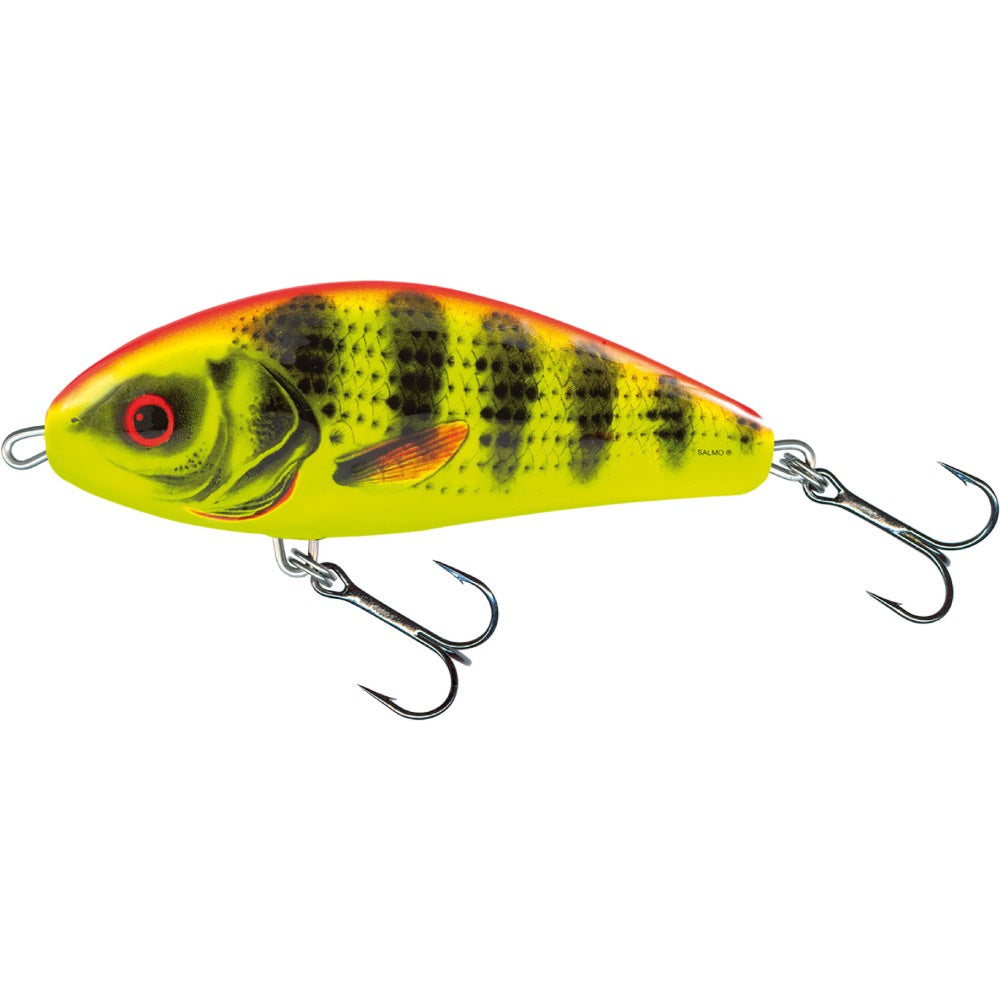 Salmo Fatso Bright Perch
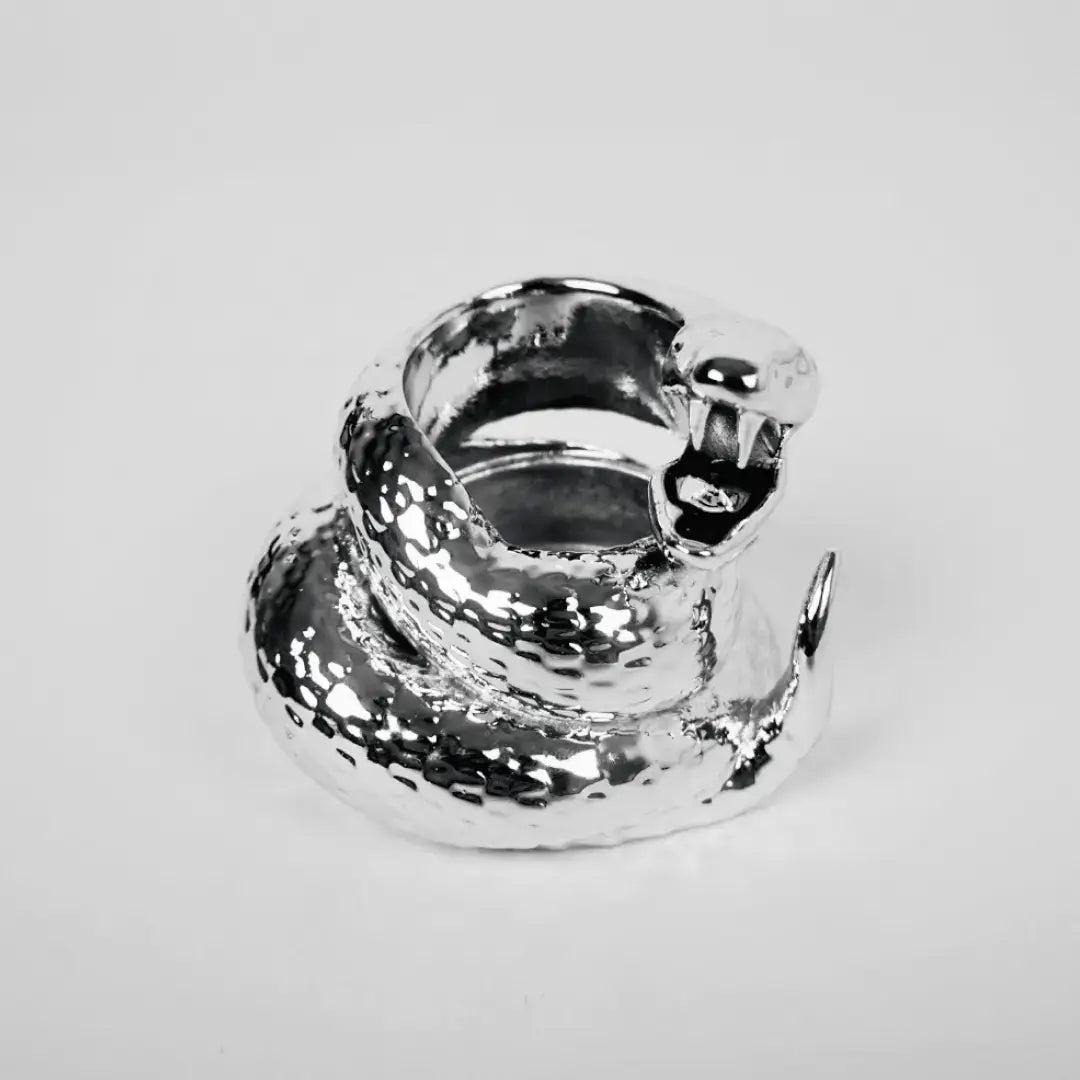 SNAKE CANDLE HOLDER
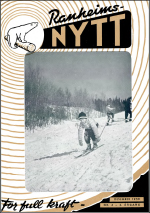 Ranheims-Nytt nr. 4 - 1958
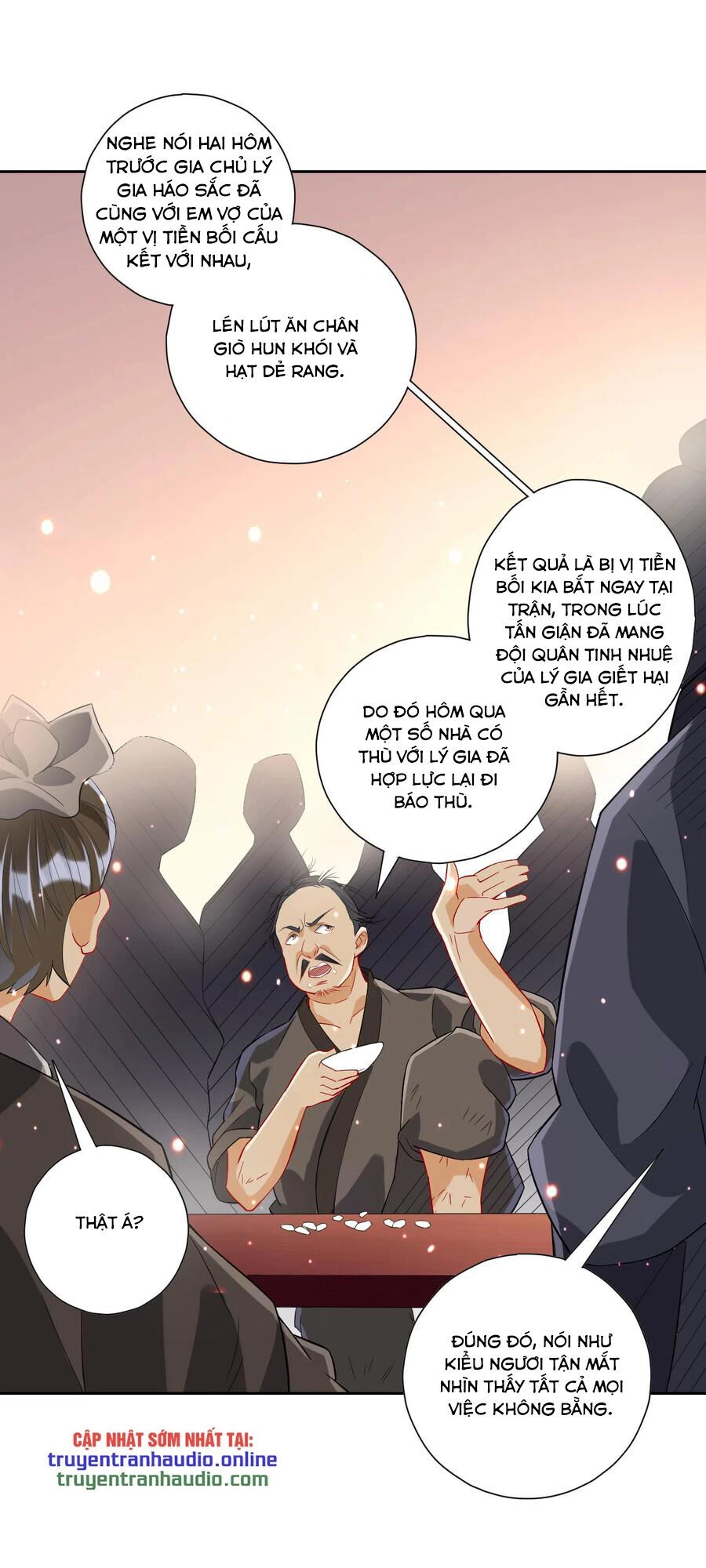Nhất Đẳng Gia Đinh Chapter 168 - 4
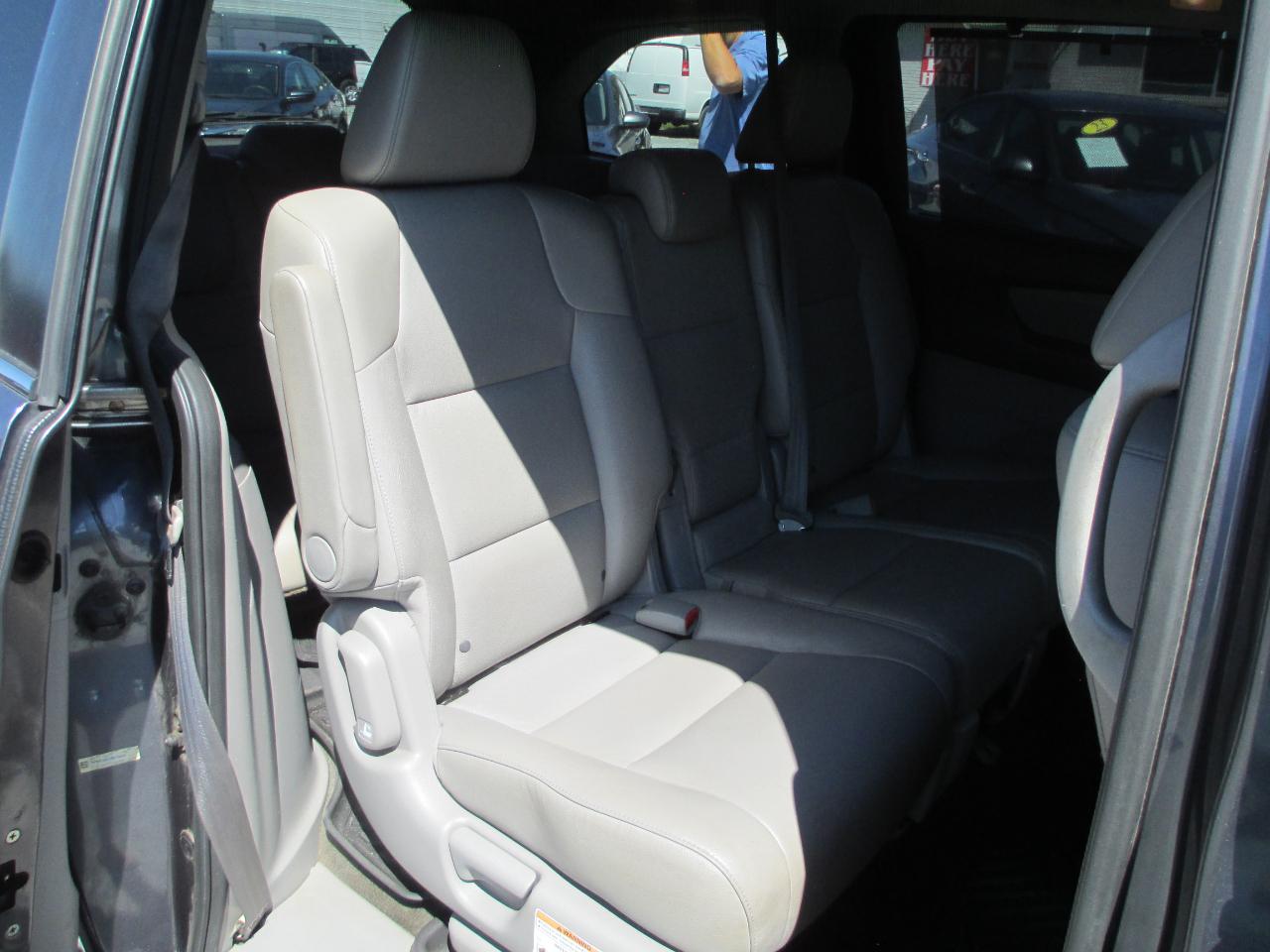 Honda Odyssey 5dr EX-L 2016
● ● ● ● ● ● ●
Exercise »
Transcribe the material exactly, keeping every word and none of the pictures.

Output of the exercise »
 Salmo Fatso Bright Perch
 SNAKE CANDLE HOLDER
 Ranheims-Nytt nr. 4 - 1958
Nhất Đẳng Gia Đinh Chapter 168 - 4
 Honda Odyssey 5dr EX-L 2016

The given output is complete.